In this article, on the basis of the stochastic theory of turbulence and the regularity of equivalence of measures, the calculation of the friction coefficient is presented for the laminar–turbulent transition on the flat plate. As a result, the formula for the friction coefficient depending on the turbulence intensity, the scale of turbulence, the velocity-profile index, and the Reynolds number for the laminar–turbulent regime of flow of an incompressible fluid along a smooth flat plate is proposed. For each of the listed parameters included in the equation for the drag coefficient, the relations determining these parameters for each Reynolds number in the region of the laminar–turbulent transition are obtained. It is also determined that the equation for the friction coefficient obtained previously on the basis of stochastic equations for a fully developed turbulent flow can be obtained on the basis of a new dependence for the laminar–turbulent transition with taking into account the initial perturbations in the deterministic motion. The parameters of these perturbations may be determined from the well-known experimental data for the initial turbulence in the flow on the flat plate. Using new dependence of the friction coefficient for the laminar–turbulent transition, it is possible to understand that the differences between the experimental results both for the laminar–turbulent transition and for a fully developed turbulent flow with the same Reynolds number are caused by the difference in the magnitudes of flow fluctuations for concrete experiment instead of only due to the systematic error in the processing of experimental data. The friction coefficient for a laminar–turbulent transition on a smooth flat plate is calculated in the of Reynolds number range of \(5\times 10^{5}\div 2\times 10^{7}\) up to the region of developed turbulent flow. The results of calculations of the friction coefficient show both qualitative and quantitative agreement with the experimental data. So, the law of equivalence of measures and stochastic equations presents both the physical and mathematical essence between interacting deterministic and random states. Thus, “the discovery of the interplay of disorder and fluctuations in physical systems from atomic to planetary scales” does not reflect the law of mechanism of interaction of a deterministic state with the fluctuation.

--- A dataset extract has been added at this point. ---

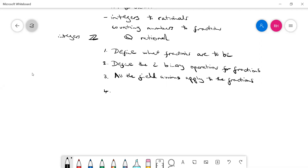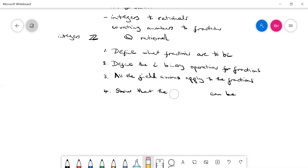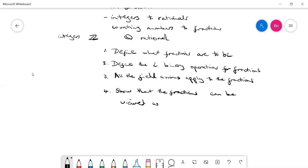The fourth thing we need to show is that the fractions can be viewed as including the integers. That's a slightly confusing sort of process because it's obvious to us that the integers are in fact fractions. That's all I want to say at this point.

本文根据湍流随机理论和测度等价规律，提出了平板上层流-湍流过渡的摩擦系数计算方法。因此，在不可压缩流体沿光滑平板的层流-湍流状态下，提出了取决于湍流强度、湍流尺度、速度剖面指数和雷诺数的摩擦系数公式。 . 对于阻力系数方程中包含的每个列出的参数，获得了确定层流-湍流过渡区域中每个雷诺数的这些参数的关系。还确定了先前基于完全发展的湍流的随机方程获得的摩擦系数方程可以在考虑层流-湍流转变的新依赖性的基础上获得，同时考虑到初始扰动确定性运动。这些扰动的参数可以从平板上流动的初始湍流的众所周知的实验数据中确定。使用摩擦系数对层流-湍流过渡的新依赖性，可以理解，层流-湍流过渡和具有相同雷诺数的充分发展的湍流的实验结果之间的差异是由具体实验的流动波动幅度的差异引起的，而不仅仅是由于实验数据处理过程中的系统误差。光滑平板上层流-湍流过渡的摩擦系数在雷诺数范围内计算\(5\times 10^{5}\div 2\times 10^{7}\)直到发展的湍流区域。摩擦系数的计算结果与实验数据定性和定量一致。因此，测度等价定律和随机方程既体现了相互作用的确定性状态和随机状态之间的物理本质，也体现了数学本质。因此，“发现物理系统从原子尺度到行星尺度的无序和涨落相互作用”并不能反映确定性状态与涨落相互作用的机制规律。